Per the 2018 Red Book Recommendations : For diagnosis of neonatal HSV infection, all of the following specimens should be obtained for each patient: (1) Swab specimen from the mouth, nasopharynx, conjunctivae, and anus ( “ surface specimens”) for HSV culture or PCR assay; (2) specimens of skin vesicles for HSV culture or PCR assay; (3) CSF sample for HSV PCR assay; (4) whole blood sample for HSV PCR assay; and (5) whole blood sample for measuring alanine transaminase ( ALT).

Rationale, current evidence, and consensus statement:

While isolated conjunctivitis due to HSV is rare (less than 1%), those neonates who are at high risk for HSV should be evaluated for SEM, systemic, and CNS disease.

  • HSV PCR assays should be obtained from the palpebral conjunctiva, mouth, nose, rectum, and any vesicular lesions. 

  • Serum AST and ALT should be obtained as part of the evaluation for suspected systemic disease. 

  • HSV CSF PCR should be obtained for suspected CNS involvement.

Infants with suspected SEM, systemic or CNS HSV disease should be managed and treated in conjunction with pediatric infectious disease and ophthalmology.

References:

Hammerschlag, M. R., Roblin, P. M., Gelling, M., Tsumura, N., Jule, J. E., & Kutlin, A. (1997). Use of polymerase chain reaction for the detection of Chlamydia trachomatis in ocular and nasopharyngeal specimens from infants with conjunctivitis. Pediatr Infect Dis J, 16(3), 293-297.

Workowski, K. A., Bolan, G. A., Centers for Disease Control & Prevention. (2015). Sexually transmitted diseases treatment guidelines, 2015. MMWR Recomm Rep, 64(RR-03)

Johnson, R. E., Newhall, W. J., Papp, J. R., Knapp, J. S., Black, C. M., Gift, T. L., . . . Berman, S. M. (2002). Screening tests to detect Chlamydia trachomatis and Neisseria gonorrhoeae infections--2002. MMWR Recomm Rep, 51(RR-15), 1-38; quiz CE31-34.

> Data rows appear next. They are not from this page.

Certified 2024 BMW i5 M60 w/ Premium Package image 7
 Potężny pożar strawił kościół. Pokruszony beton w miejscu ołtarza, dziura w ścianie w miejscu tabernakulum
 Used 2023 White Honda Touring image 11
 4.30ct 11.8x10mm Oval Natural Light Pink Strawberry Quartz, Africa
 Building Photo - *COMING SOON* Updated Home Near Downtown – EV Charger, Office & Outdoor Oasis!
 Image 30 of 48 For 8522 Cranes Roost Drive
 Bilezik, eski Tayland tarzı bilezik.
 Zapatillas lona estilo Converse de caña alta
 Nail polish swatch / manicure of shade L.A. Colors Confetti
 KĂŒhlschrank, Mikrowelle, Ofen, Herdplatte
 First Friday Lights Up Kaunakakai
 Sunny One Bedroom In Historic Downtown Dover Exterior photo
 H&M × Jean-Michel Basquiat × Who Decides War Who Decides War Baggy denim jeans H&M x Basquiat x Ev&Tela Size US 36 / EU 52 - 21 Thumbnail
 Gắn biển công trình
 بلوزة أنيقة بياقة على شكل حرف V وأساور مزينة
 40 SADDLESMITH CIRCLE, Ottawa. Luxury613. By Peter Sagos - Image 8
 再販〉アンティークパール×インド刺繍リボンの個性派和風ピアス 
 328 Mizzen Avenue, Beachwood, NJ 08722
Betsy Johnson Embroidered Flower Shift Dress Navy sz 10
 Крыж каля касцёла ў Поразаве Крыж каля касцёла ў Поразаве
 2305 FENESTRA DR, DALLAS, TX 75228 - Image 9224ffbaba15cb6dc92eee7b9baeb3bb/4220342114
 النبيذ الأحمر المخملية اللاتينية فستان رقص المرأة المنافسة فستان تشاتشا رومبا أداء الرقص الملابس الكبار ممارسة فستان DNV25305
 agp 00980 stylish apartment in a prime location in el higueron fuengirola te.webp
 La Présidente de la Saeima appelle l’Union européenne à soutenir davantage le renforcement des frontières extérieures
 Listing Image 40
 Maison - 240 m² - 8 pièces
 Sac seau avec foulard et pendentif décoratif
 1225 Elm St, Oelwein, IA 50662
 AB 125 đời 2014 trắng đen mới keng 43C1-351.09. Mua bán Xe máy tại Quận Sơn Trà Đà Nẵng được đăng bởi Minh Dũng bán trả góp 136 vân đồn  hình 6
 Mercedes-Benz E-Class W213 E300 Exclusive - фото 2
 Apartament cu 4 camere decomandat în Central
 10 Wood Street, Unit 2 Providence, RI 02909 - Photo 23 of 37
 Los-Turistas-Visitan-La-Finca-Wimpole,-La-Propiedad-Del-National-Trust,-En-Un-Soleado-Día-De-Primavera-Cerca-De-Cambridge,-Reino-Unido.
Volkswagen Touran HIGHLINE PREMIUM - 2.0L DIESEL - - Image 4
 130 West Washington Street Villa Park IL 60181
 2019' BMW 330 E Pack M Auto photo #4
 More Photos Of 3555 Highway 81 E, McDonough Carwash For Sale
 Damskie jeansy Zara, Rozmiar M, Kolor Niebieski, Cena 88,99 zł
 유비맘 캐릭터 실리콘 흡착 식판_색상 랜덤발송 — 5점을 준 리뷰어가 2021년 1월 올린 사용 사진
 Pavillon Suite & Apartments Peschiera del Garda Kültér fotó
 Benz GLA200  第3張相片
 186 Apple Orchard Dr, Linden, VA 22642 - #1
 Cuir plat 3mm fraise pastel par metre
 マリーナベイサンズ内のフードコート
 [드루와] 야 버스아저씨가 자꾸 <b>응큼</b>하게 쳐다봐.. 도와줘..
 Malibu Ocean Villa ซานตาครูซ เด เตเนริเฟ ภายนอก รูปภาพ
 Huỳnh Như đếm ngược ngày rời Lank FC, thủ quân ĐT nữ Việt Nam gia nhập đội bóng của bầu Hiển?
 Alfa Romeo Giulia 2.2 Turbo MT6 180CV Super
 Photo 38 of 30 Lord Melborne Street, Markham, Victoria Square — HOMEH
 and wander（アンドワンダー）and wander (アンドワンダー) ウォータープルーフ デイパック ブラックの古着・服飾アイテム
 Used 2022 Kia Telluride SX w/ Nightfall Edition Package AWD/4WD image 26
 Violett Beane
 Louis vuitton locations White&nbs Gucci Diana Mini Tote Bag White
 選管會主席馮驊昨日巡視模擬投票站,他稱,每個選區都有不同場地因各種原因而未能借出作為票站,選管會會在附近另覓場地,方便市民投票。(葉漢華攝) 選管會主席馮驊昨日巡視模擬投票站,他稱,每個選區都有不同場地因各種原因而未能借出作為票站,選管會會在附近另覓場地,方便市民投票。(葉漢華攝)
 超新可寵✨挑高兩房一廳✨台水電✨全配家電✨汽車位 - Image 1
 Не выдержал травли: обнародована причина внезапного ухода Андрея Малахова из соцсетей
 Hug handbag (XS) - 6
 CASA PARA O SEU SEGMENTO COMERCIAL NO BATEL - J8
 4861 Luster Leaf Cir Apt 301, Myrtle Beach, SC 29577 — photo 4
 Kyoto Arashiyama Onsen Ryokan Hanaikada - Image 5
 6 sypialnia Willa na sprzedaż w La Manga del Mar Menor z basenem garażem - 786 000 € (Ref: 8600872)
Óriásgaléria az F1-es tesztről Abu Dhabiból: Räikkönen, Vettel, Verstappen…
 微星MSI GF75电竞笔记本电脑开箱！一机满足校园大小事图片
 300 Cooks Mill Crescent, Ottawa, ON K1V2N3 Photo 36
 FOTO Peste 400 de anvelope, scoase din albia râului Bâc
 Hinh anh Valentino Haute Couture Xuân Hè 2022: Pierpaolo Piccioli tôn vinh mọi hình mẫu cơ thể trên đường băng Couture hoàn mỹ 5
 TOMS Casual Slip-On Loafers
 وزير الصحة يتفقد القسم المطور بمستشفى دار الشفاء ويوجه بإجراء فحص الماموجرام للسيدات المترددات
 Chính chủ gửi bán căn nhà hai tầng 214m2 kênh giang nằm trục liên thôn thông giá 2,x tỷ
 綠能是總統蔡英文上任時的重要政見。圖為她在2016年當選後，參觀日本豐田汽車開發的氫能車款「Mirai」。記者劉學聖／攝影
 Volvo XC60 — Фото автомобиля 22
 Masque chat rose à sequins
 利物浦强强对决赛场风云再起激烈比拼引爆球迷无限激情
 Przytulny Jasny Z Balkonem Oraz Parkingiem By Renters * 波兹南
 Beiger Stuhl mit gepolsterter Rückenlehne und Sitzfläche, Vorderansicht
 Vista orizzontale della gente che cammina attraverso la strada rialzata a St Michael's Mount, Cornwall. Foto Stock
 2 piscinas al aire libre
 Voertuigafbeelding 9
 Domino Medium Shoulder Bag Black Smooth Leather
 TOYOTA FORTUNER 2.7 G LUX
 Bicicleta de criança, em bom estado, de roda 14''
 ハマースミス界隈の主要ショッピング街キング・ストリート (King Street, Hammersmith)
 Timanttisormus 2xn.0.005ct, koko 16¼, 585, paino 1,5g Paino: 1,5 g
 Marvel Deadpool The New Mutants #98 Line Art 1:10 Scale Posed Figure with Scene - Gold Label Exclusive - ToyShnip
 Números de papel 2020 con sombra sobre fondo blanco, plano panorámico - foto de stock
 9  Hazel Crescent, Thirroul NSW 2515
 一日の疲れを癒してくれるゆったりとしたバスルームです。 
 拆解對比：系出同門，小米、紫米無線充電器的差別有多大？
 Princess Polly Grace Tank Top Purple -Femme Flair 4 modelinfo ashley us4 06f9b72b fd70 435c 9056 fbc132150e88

These guidelines do not establish a standard of care to be followed in every case. It is recognized that each case is different and those individuals involved in providing health care are expected to use their judgment in determining what is in the best interests of the patient based on the circumstances existing at the time. It is impossible to anticipate all possible situations that may exist and to prepare guidelines for each. Accordingly these guidelines should guide care with the understanding that departures from them may be required at times.